図8は、本発明の実施の形態3に係る位相補償装置を示す図である。乗算部19が複素信号を計算するまでの構成は実施の形態2と同様である。回転角度計算部22が、複素信号から第2の位相差△Φに対応する回転角度を計算する。そして、平均化部20が数シンボル分の平均を取った後、指数関数表現部23が指数関数表現EXPj(△Φ)で示す。
【0034】
位相差補償部14は、指数関数表現で示された回転角度をシンボル位相差補償部6の出力信号に乗算する。これにより、位相雑音の残留分が乗る出力信号に対して位相変動を補償できる。
【0035】
なお、実施の形態1〜3の位相補償装置の機能を実現するためのプログラムをコンピュータ読み取り可能な記録媒体に記録して、この記録媒体に記録されたプログラムをコンピュータシステム又はプログラマブルロジックデバイスに読み込ませ、実行することにより位相補償を行ってもよい。なお、ここでいう「コンピュータシステム」とは、OSや周辺機器等のハードウェアを含むものとする。また、「コンピュータシステム」は、ホームページ提供環境(あるいは表示環境)を備えたWWWシステムも含むものとする。また、「コンピュータ読み取り可能な記録媒体」とは、フレキシブルディスク、光磁気ディスク、ROM、CD−ROM等の可搬媒体、コンピュータシステムに内蔵されるハードディスク等の記憶装置のことをいう。更に「コンピュータ読み取り可能な記録媒体」とは、インターネット等のネットワークや電話回線等の通信回線を介してプログラムが送信された場合のサーバやクライアントとなるコンピュータシステム内部の揮発性メモリ(RAM)のように、一定時間プログラムを保持しているものも含むものとする。また、上記プログラムは、このプログラムを記憶装置等に格納したコンピュータシステムから、伝送媒体を介して、あるいは、伝送媒体中の伝送波により他のコンピュータシステムに伝送されてもよい。ここで、プログラムを伝送する「伝送媒体」は、インターネット等のネットワーク(通信網)や電話回線等の通信回線(通信線)のように情報を伝送する機能を有する媒体のことをいう。また、上記プログラムは、前述した機能の一部を実現するためのものであってもよい。更に、前述した機能をコンピュータシステムに既に記録されているプログラムとの組み合わせで実現できるもの、いわゆる差分ファイル(差分プログラム)であってもよい。
【符号の説明】
【0036】
6 シンボル位相差補償部、7 既知パターン抽出部、8 参照信号記憶部、9,13 位相差取得部、10,14 位相差補償部、12 仮判定部、15 回転折りたたみ部
【要約】
【課題】フィードバック構成を用いることなく、位相変動補償の精度を向上することができる位相補償装置、位相補償方法及び通信装置を得る。

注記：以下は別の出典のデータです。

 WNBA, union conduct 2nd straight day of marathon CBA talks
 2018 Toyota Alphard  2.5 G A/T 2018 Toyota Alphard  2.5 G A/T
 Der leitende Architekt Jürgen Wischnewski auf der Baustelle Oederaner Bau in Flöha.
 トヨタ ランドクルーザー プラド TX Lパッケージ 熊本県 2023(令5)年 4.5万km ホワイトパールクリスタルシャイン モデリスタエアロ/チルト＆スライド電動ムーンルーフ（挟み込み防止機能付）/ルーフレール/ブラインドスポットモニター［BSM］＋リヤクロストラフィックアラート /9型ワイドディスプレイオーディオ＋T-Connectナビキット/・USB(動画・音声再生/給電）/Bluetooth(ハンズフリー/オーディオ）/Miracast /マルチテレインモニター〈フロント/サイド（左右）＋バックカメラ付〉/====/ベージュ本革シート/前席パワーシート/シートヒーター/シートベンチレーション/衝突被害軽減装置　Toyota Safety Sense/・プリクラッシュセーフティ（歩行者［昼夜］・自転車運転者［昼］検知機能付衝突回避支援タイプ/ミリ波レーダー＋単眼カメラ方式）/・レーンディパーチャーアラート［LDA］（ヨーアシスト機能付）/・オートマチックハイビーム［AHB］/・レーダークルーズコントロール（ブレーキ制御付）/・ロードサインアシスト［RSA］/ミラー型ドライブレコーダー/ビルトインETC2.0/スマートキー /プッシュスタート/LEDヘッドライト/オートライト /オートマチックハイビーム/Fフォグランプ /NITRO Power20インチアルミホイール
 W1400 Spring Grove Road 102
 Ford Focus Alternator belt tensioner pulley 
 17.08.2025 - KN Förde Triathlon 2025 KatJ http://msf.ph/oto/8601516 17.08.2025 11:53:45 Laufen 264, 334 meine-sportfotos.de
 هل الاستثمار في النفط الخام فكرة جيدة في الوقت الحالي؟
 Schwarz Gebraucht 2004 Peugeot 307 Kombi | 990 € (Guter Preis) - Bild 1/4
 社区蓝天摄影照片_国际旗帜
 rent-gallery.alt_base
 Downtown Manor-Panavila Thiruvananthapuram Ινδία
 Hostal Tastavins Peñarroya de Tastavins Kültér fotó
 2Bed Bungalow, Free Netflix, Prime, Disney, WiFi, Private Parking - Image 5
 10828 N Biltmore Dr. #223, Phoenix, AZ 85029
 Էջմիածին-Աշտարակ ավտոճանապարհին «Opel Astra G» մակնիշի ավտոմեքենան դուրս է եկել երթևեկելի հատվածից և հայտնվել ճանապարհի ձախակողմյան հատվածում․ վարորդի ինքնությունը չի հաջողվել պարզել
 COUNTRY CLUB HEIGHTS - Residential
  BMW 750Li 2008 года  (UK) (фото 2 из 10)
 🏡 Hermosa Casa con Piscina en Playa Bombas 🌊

【解決手段】シンボル位相差補償部6は、受信信号から抽出した既知パターンとその真値との位相差である第1の位相差を算出し第1の位相差に基づいて受信信号に対する位相補償を行う。仮判定部12は、シンボル位相差補償部6の出力信号を仮判定して位相の推定値を求める。位相差取得部13は、出力信号の位相と仮判定部12が求めた位相の推定値との位相差である第2の位相差を取得する。位相差補償部14は、第2の位相差に基づいて出力信号に対する位相補償を行う。